Let $M$ be a countable transitive set. Suppose $\mathbb{P}$ is a forcing in $M$. Let $G$ and $H$ be two generic filters for $\mathbb{P}$ over $M$.
My questions are:
Is there a forcing $\mathbb{Q}$ and a generic $K$ for this forcing over $M$ such that $G,H \in M[K]$?
If the answer is yes, can this $\mathbb{Q}$ be chosen to depend only on $\mathbb{P}$ and not the filters $G$ and $H$?

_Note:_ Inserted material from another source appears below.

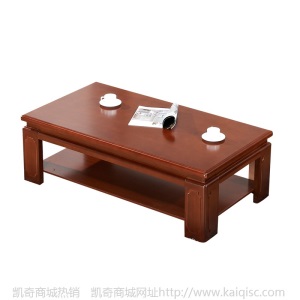 办公家具牛皮沙发商务会客办公室接待洽谈沙发三人位功夫茶几组合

If $M$ and $H$ are mutually $\mathbb{P}$-generic then by definition, $\mathbb{Q}$ can be $\mathbb{P}\times\mathbb{P}$. So the main difficultly is the case when the two filters are not mutually generic.
Thanks for any insight.
Such a $\mathbb{Q}$ may not exist. Indeed, we can find two reals $x,y$, both Cohen over $M$, such that no extension of $M$ with the same ordinals contains both $x,y$. The idea is to take a real coding the entire model $M$ and then disguise it by breaking it up between the two Cohen reals.
Joel David Hamkins has a manuscript here describing the argument, which he attributes to Woodin. He also identifies a large class of posets that exhibit the same kind of non-amalgability phenomenon (any $\mathbb{P}$ which is not $|\mathbb{P}|$-cc below any condition will have such incompatible generics).